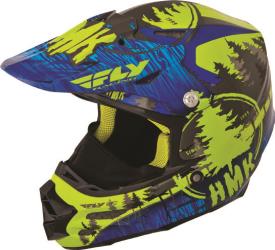 Fly racing f2 carbon pro stamp graphic helmet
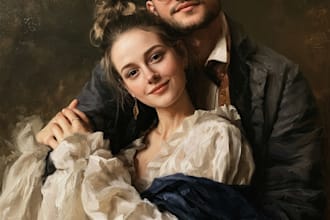 unique oil painting portrait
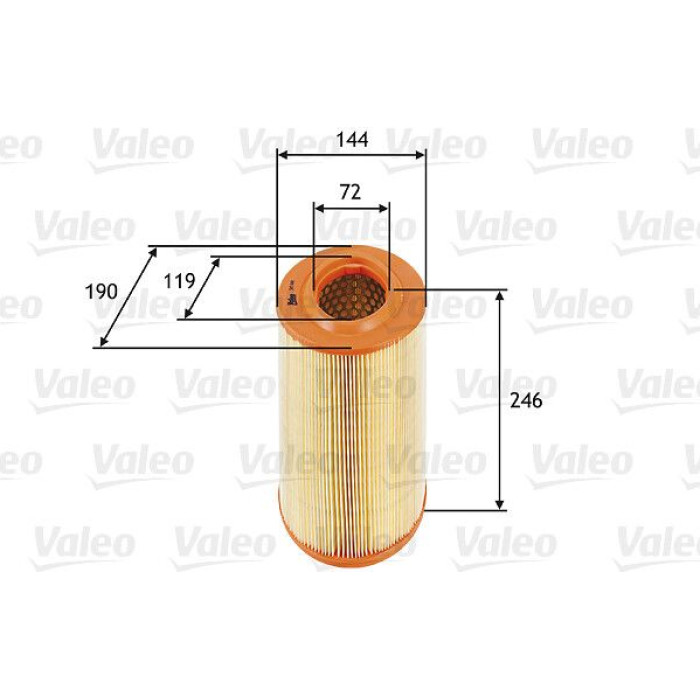 Valeo Luftfilter 585669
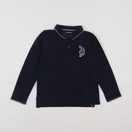 Monoprix - polo bleu - 6 ans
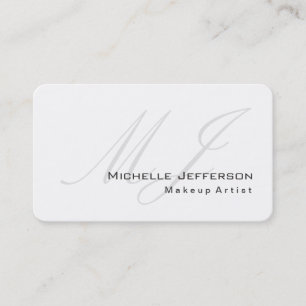 Affärskortet Rundat hörner Makeup Artist White Visitkort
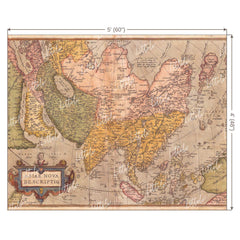 LB0181 Historic World Map Theme Backdrop
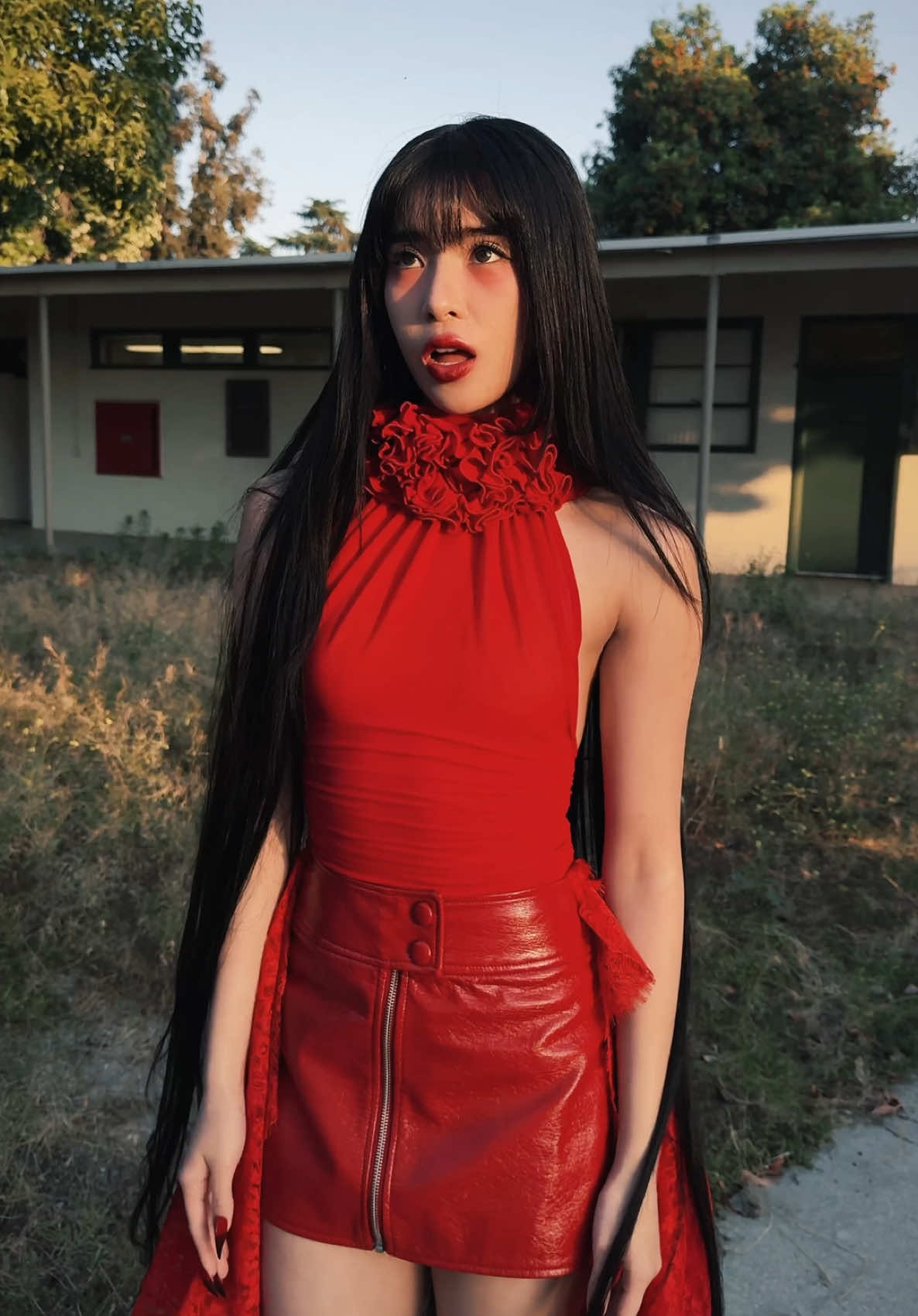A post by @katseyeworld on TikTok caption: pov: you’re auditioning for the role of Elena Gilbert #KATSEYE #KATSEYE_Sophia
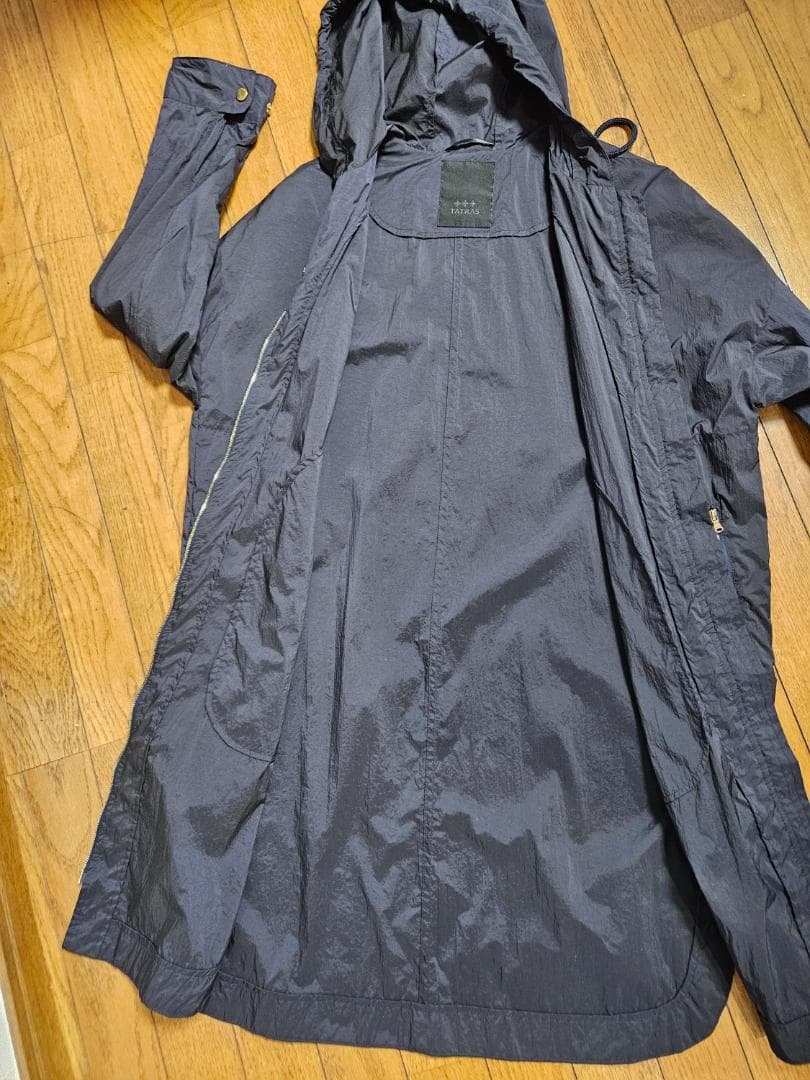 ◆TATRAS【超美品】素敵！希少コート 7万 M ネイビー 高島屋購入 春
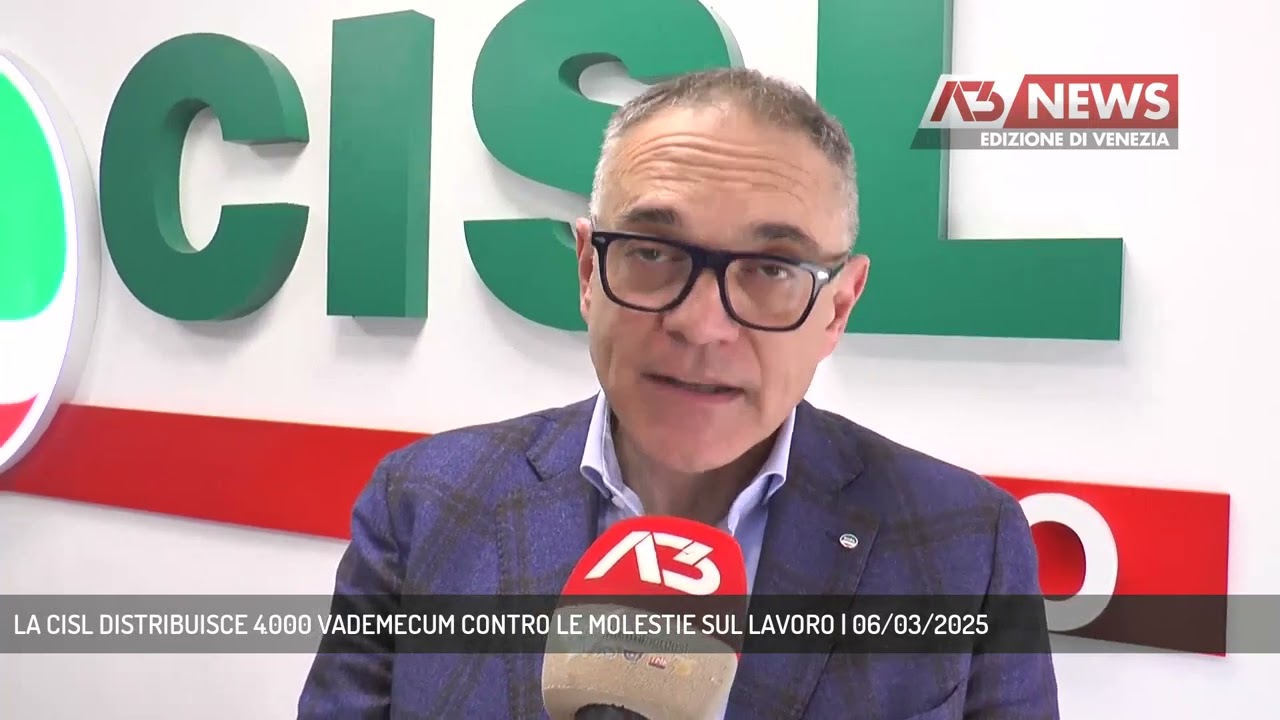 LA CISL DISTRIBUISCE 4.000 VADEMECUM CONTRO LE MOLESTIE SUL LAVORO | 06/03/2025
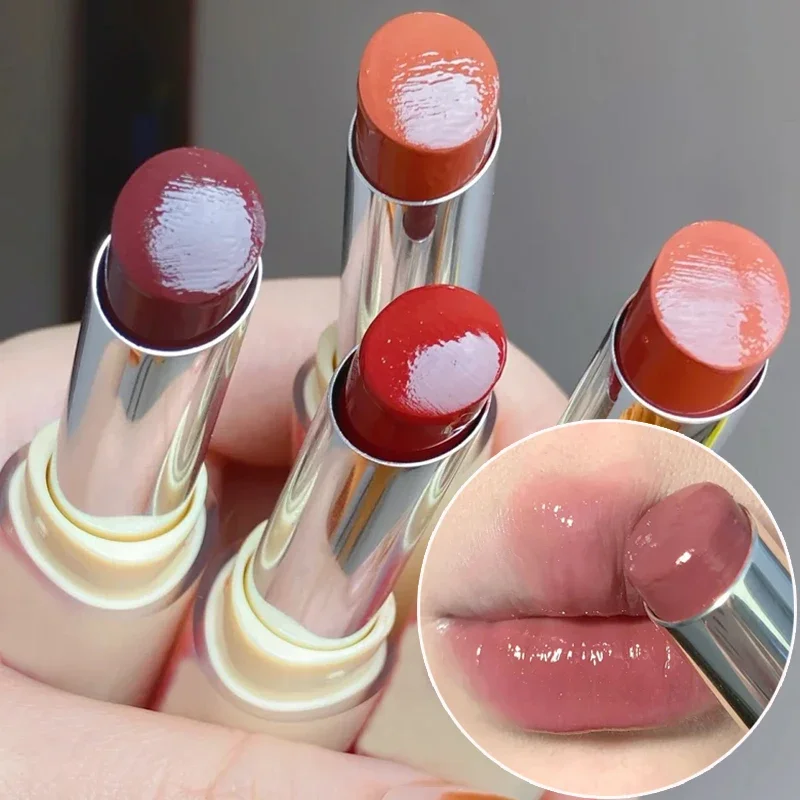 Top Trends: Jelly Mirror Lipstick 8 Color Plumping Long Lasting Non-stick Cup Moisturizing Crystal Lip Tint Water Light Lips Makeup Cosmetic Shoppable Styles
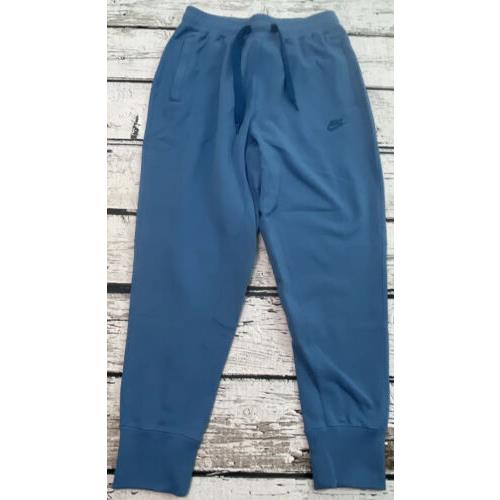 Nike Fleece Pants Size Medium Classic Dutch Blue DA0019-469 Sportswear Men s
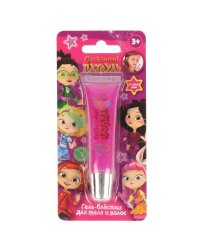 Косметика для девочек СКАЗОЧНЫЙ ПАТРУЛЬ гель-блестки д/тела и волос, розовый МИЛАЯ ЛЕДИ в кор.4*24шт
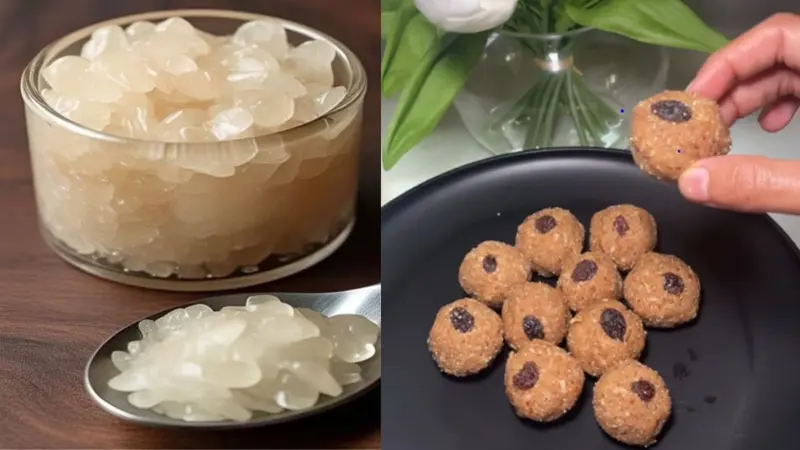 கிருஷ்ண ஜெயந்திக்கு சத்தான 'பாதாம் பிசின் லட்டு' செய்து அசத்துங்க!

──────

WHAT THE EXERCISE ASKS
What is needed is an exact restatement of every line from the one containing "Nike Fleece Pants" through the last line of the records, pictures left out.

RESPONSE
 Nike Fleece Pants Size Medium Classic Dutch Blue DA0019-469 Sportswear Men s
 Косметика для девочек СКАЗОЧНЫЙ ПАТРУЛЬ гель-блестки д/тела и волос, розовый МИЛАЯ ЛЕДИ в кор.4*24шт
 கிருஷ்ண ஜெயந்திக்கு சத்தான 'பாதாம் பிசின் லட்டு' செய்து அசத்துங்க!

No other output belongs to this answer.